MELD: Melding Diverse Multilingual and Multi-Domain Datasets for Named Entity Recognition Evaluation
Proceedings of the Fifteenth Language Resources and Evaluation Conference (LREC 2026)
Abstract
Zero-shot Named Entity Recognition (NER) has gained prominence for information extraction across diverse domains without being limited to a single, fixed tag set. However, existing NER resources vary widely in data format, licensing terms, annotation schemes, and availability, making it difficult to systematically evaluate the generalization capabilities of zero-shot NER models. Prior attempts to aggregate datasets with broad coverage across domains have largely focused on a small subset of languages, and it is often not transparent how datasets were processed from their sources. This paper introduces MELD, a comprehensive multilingual and multi-domain data collection designed to address these gaps. MELD integrates 60 NER datasets spanning 194 languages, 14 domains, and 601 normalized entity types.
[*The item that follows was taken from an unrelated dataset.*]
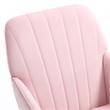 Kena Swivel Office Chair- Baby Pink Tufted Velvet- Adjustable Height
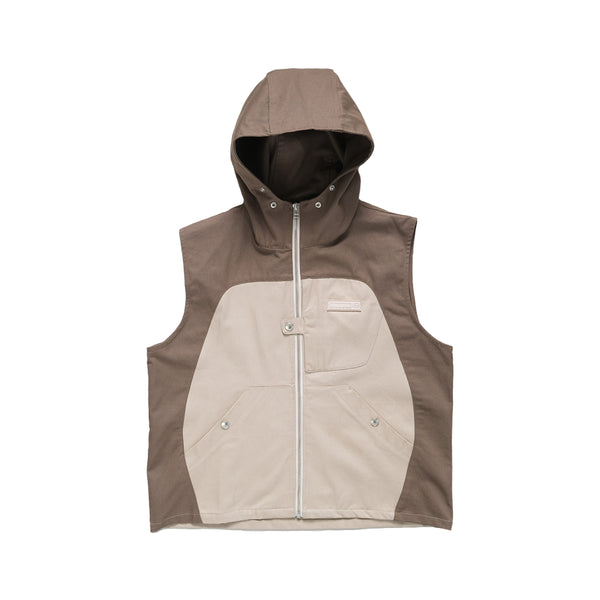 Bridged Hooded Gilet - Khaki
While previously introduced multilingual NER datasets are mainly silver-standard, MELD contains gold-standard annotations for 60 languages. All data processing steps are fully open-source and reproducible, facilitating future extensions and ensuring long-term accessibility. While MELD is primarily designed for zero-shot evaluation, it also provides training and development splits in a single, consistent format to support future research in few-shot and supervised NER settings.